阿弥陀如来(あみだにょらい)とは、大乗仏教如来の一つである。梵名は「アミターバ」(अमिताभ Amitābha)、あるいは「アミターユス」 (अमितायुस् Amitāyus)といい、それを「阿弥陀」と音写する。「阿弥陀仏」ともいい、また略して「弥陀仏」ともいう。
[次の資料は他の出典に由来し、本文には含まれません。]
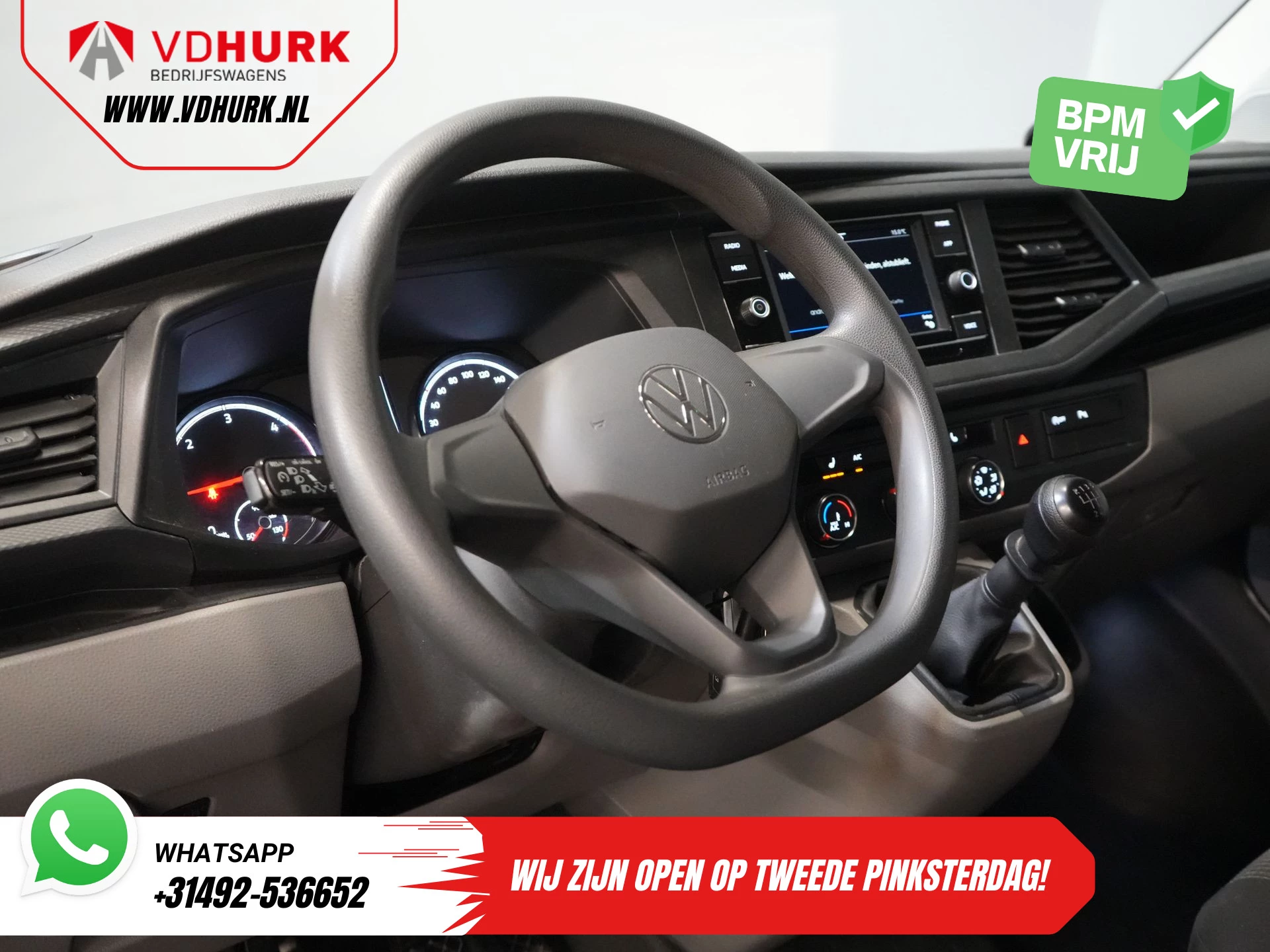 Hoofdafbeelding Volkswagen Transporter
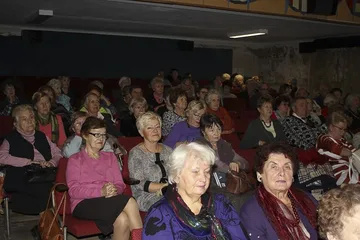 Tischner na wykładzie UTW (zdjęcia)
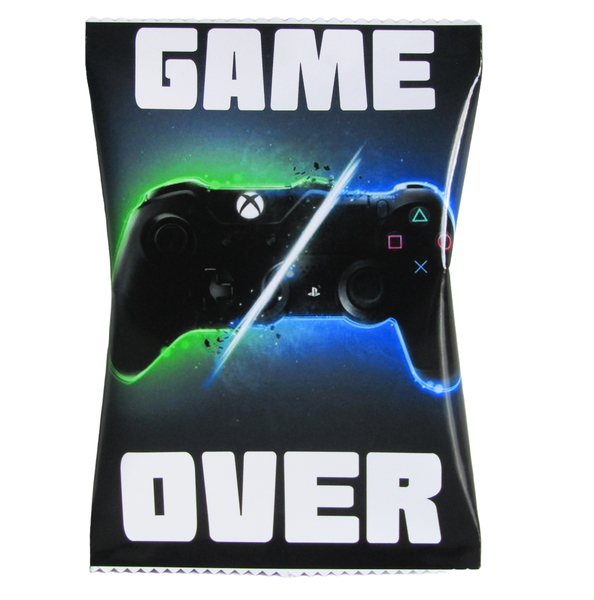 Gamer Lucky Packs/ Party Packs - Set of 12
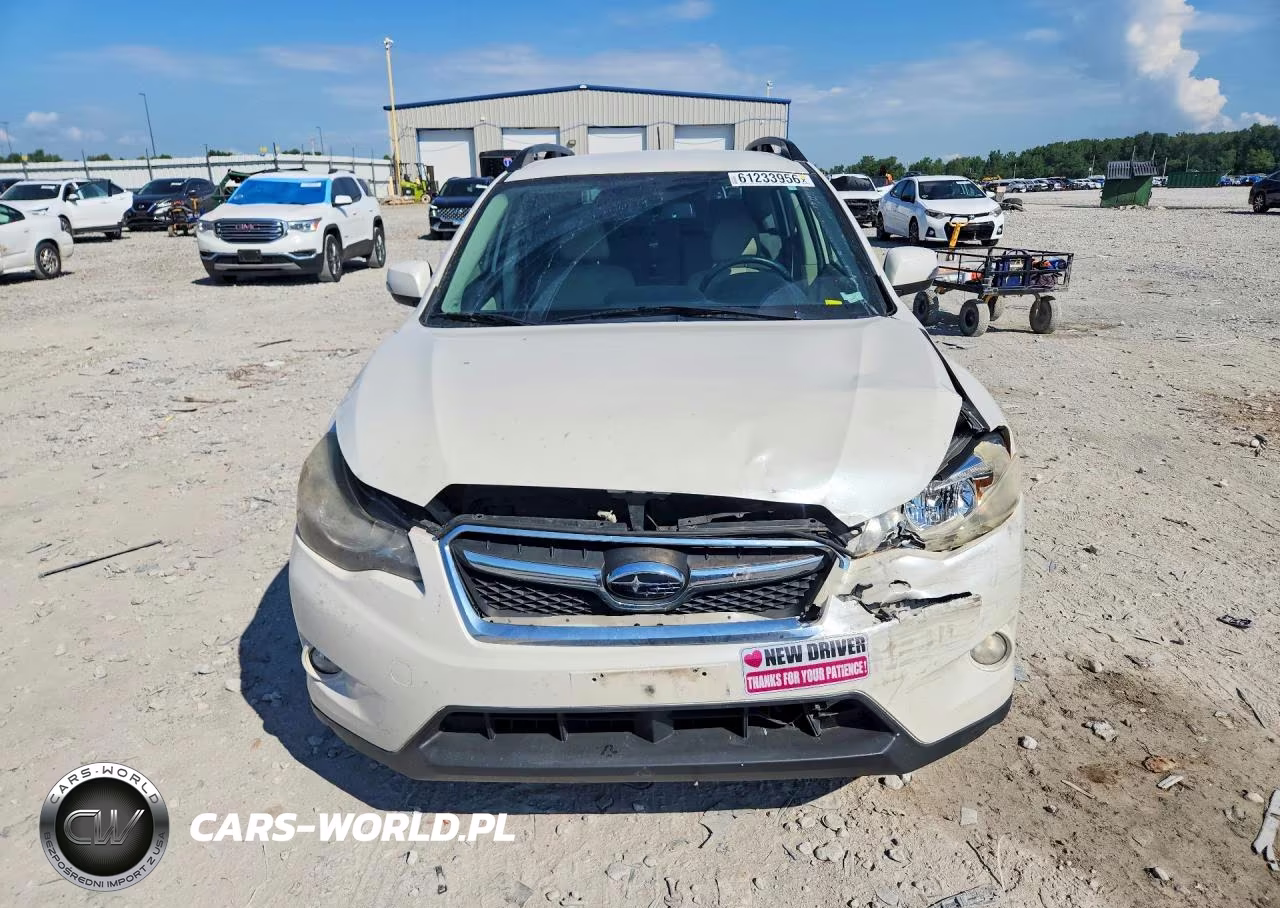 2014 Subaru Xv Crosstrek 2.0I Hybrid VIN:JF2GPBCC0EH220180 - 5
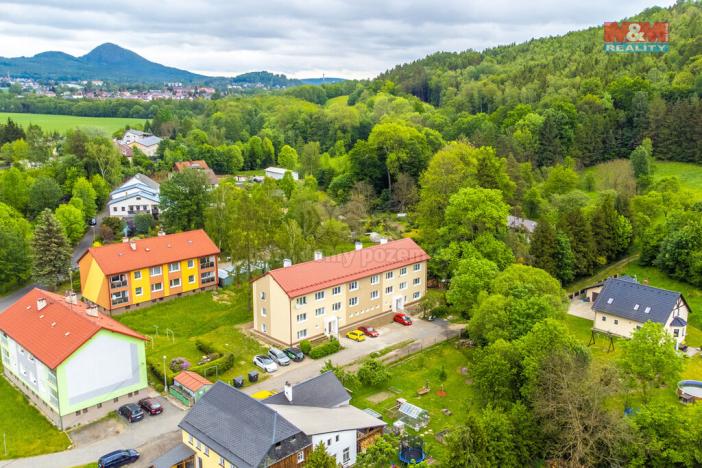 Prodej bytu 3+1, Skalice u České Lípy, 68 m2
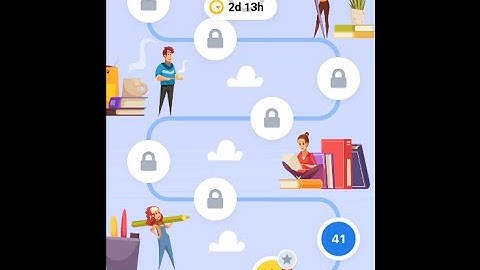 Nonogram Adventure 15 December 2020 level 31-40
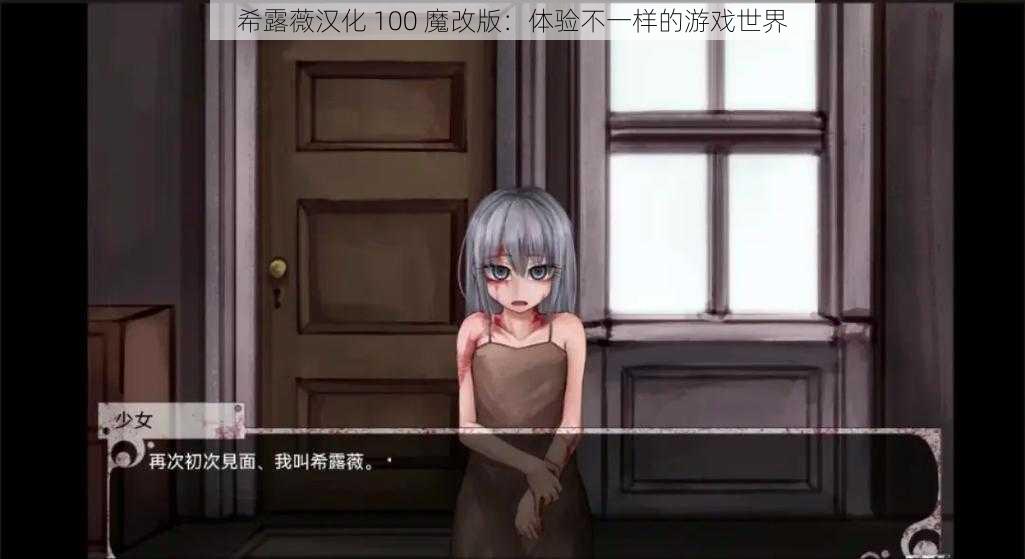 希露薇汉化 100 魔改版：体验不一样的游戏世界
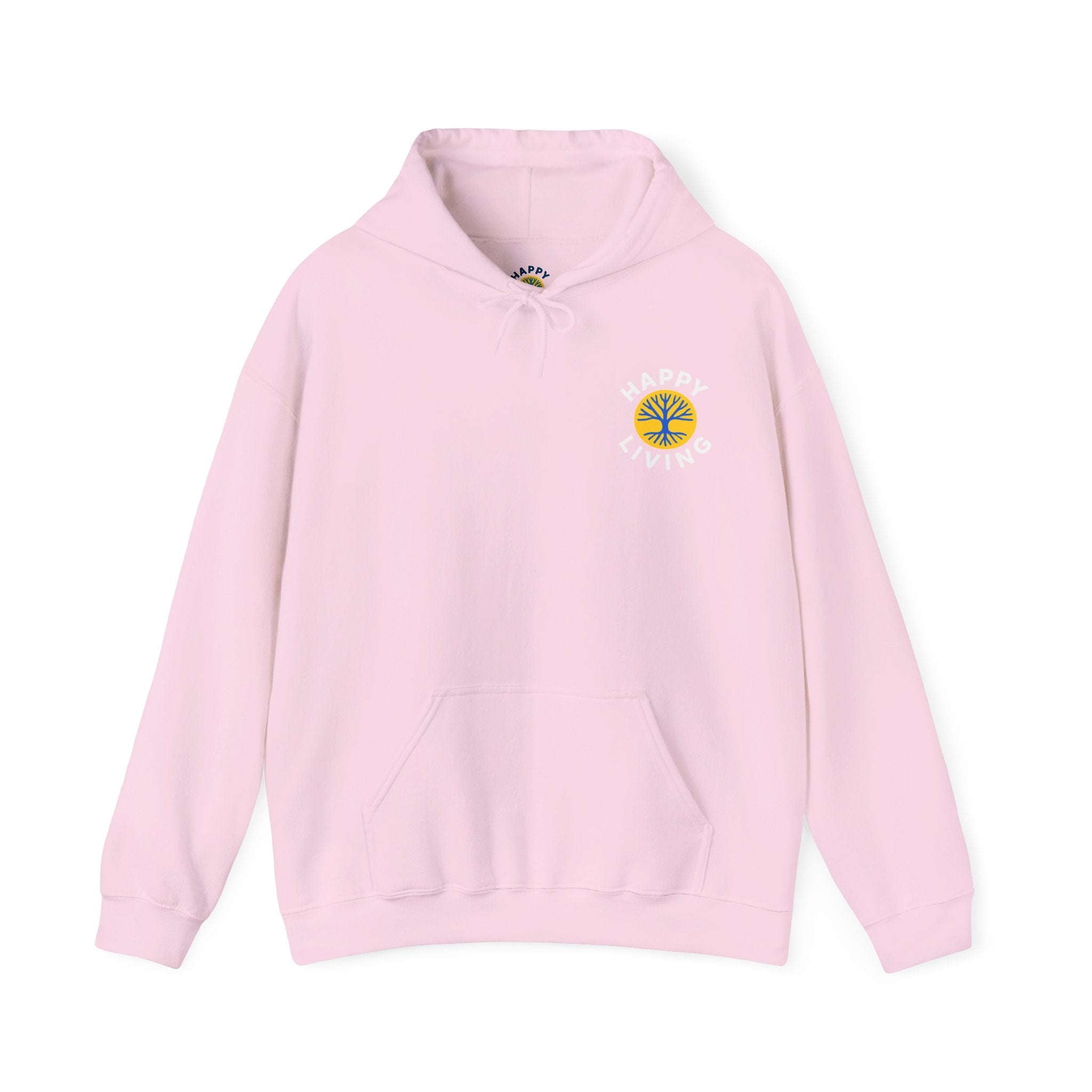 Men's-Happy Living Endo Hoodie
梵名の「アミターバ」は「無限の光をもつもの」、「アミターユス」は「無限の寿命をもつもの」の意味で、これを漢訳して・無量光仏無量寿仏ともいう。無明現世をあまねく照らす光の仏にして、空間と時間の制約を受けない仏であることをしめす。西方にある極楽浄土という仏国土(浄土)を持つ(東方は薬師如来)。

三昧耶形は蓮の花(金剛界曼荼羅では開花した蓮華、胎蔵曼荼羅では開きかけた蓮華)。種子(種字)はキリーク(hriiH)。

像形

造形化された時は、装身具を着けない質素な服装の如来形で、定印・説法印・施無畏印・与願印を組み合わせた九品来迎印(詳しくは印相を参照のこと)を結ぶ姿で表されることが多い。

阿弥陀三尊として祀られるときは、脇侍観音菩薩(特に聖観音)・勢至菩薩を配する。

密教においては、五仏(五智如来)の一如来として尊崇される。像容は一般的には上記の顕教のものと同じだが、一部には装身具を身につけたものもある。

密教式の阿弥陀如来のうち、紅玻璃色阿弥陀如来と呼ばれるものは髷を高く結い上げて宝冠を戴き体色が赤いのが特徴である。主に真言宗で伝承される。 また宝冠阿弥陀如来というものもあり、こちらは天台宗の常行三昧の本尊として祀られる。紅玻璃色阿弥陀如来と同じく宝冠などの装身具を身につけ、金剛法菩薩、金剛利菩薩、金剛因菩薩、金剛語菩薩の四菩薩を眷属とする。

典拠と信仰

浄土三部経

浄土三部経」の内、『無量寿経』と『阿弥陀経』の成立時期については、無量寿経の成立時期と編纂者を参照。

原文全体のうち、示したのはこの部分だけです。